The pigs’ growth potential is determined by genotype and influenced by environmental and nutritional limitations (Gu et al., 1992; Schinckel and de Lange, 1996; Skinner et al., 2014). However, compensatory growth demonstrates that pigs have the capacity to achieve a rate of growth above the expected growth potential for a period of time. The pertaining question is: why not all pigs grow at the maximum rate throughout the growth period? Clues may be presented in other literature in other species. Particularly, in some species of animals in which adult size is important for fitness, reproduction, and survival, the acceleration of growth rate would allow animals to reach adult size at a younger age. However, there are often longevity costs associated with acceleration of growth in some species, including cellular damage, developmental errors, and senescence (Metcalfe and Monaghan, 2003). The intrinsic trade-off between benefits and costs of maximal growth rate varies within species, individuals, environment, and nutrition (Metcalfe and Monaghan, 2003). In the case of compensatory growth, the costs of acceleration of growth rate are often lower than the long-term consequences of previous nutritional restriction and impairment of adult size and weight (Metcalfe and Monaghan, 2001).

TYPES OF COMPENSATORY GROWTH

Theoretically, pigs can exhibit complete or incomplete compensatory growth. Complete compensatory growth or “catch-up growth” refers to the occurrence of faster growth rate of previously restricted pigs compared to nonrestricted pigs that leads to the attainment of similar BW at a similar age (Skiba, 2005; Hector and Nakagawa, 2012). Incomplete compensatory growth refers to the occurrence of faster growth rate of previously restricted pigs compared to nonrestricted pigs, but the magnitude or duration of increase in growth rate is not sufficient to result in similar BW at a similar age (Skiba, 2005; Hector and Nakagawa, 2012).

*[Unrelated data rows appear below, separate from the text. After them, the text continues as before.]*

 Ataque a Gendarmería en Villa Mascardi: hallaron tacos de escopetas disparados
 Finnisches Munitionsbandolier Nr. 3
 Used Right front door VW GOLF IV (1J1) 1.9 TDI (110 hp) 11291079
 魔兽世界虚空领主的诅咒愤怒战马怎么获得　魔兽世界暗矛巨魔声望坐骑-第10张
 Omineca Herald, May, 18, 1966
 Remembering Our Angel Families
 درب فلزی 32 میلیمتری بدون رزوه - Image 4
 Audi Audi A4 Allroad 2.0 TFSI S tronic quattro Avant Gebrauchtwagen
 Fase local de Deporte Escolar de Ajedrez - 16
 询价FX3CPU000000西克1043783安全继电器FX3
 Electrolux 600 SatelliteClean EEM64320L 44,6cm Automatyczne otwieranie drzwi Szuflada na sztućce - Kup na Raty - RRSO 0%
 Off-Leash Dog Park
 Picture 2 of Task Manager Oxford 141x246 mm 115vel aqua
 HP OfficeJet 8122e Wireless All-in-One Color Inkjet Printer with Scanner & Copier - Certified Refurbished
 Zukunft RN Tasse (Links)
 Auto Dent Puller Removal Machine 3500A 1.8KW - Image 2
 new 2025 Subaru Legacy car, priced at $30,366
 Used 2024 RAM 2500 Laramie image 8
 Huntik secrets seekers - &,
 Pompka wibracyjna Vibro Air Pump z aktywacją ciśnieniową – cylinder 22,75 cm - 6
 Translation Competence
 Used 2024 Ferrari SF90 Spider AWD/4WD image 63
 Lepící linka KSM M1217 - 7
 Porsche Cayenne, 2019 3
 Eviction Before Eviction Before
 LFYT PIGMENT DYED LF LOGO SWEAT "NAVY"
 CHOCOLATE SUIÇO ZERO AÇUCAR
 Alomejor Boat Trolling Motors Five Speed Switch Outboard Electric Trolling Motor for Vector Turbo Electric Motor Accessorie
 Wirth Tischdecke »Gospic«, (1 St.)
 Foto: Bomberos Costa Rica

The occurrence of complete and incomplete compensatory growth was assessed within the database. The ADG in the recovery period was plotted against the final BW in the recovery period as a relative difference between restricted pigs compared to nonrestricted pigs (Fig. 2). The scatterplot depicts the distribution of all 57 database comparisons into four quadrants. The comparisons falling in quadrant I indicate an increase in both ADG in the recovery period and final BW, which suggests that restricted pigs were able to exhibit complete compensatory growth and attain at least a similar BW to nonrestricted pigs at a similar age. Quadrant II indicates a decrease in ADG in the recovery period but an increase in final BW, which means that restricted pigs had an increase in ADG in the restriction period compared to nonrestricted pigs and, consequently, were not restricted. Because growth restriction is a primary requisite for compensatory growth to occur (O’Connell et al., 2006), comparisons falling in quadrant II (3 out of 60) were excluded from the database due to insufficient restriction. The comparisons falling in quadrant III indicate a decrease in both ADG in the recovery period and final BW, which suggests that restricted pigs were not able to exhibit compensatory growth. The comparisons falling in quadrant IV indicate an increase in ADG in the recovery period but a decrease in final BW, which suggests that restricted pigs were able to exhibit incomplete compensatory growth during the recovery period but not to attain a similar BW to nonrestricted pigs at a similar age.

Figure 2.

Figure 2.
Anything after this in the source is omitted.